**Work to complete**:
In the data below, find the line with "Want to read" and the line with "Within here, look", then restate both and every line between them exactly, minus the pictures.

**Information**:
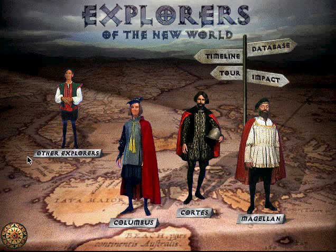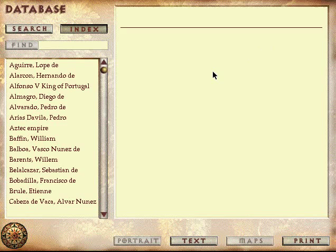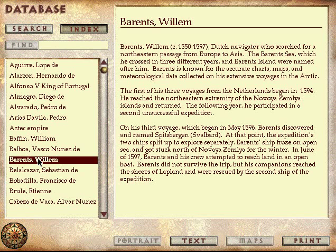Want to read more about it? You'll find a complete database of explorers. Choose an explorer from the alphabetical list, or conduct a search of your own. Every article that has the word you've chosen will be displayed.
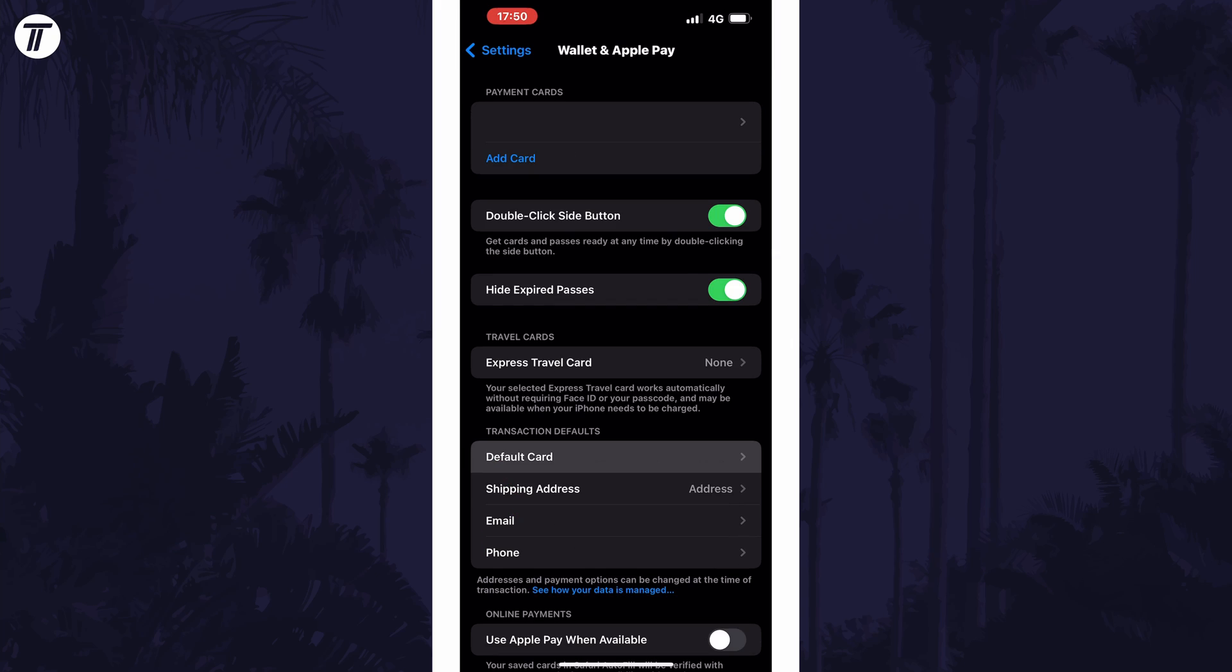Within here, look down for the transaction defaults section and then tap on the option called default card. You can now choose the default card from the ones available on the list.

--

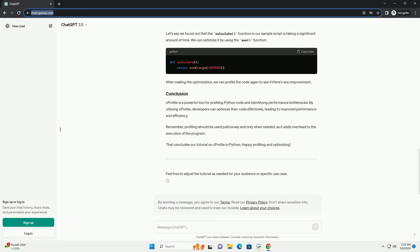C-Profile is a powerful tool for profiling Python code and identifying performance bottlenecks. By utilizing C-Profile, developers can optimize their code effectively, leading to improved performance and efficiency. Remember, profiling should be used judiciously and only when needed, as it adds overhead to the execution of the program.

**Task solution**:
Want to read more about it? You'll find a complete database of explorers. Choose an explorer from the alphabetical list, or conduct a search of your own. Every article that has the word you've chosen will be displayed.
Within here, look down for the transaction defaults section and then tap on the option called default card. You can now choose the default card from the ones available on the list.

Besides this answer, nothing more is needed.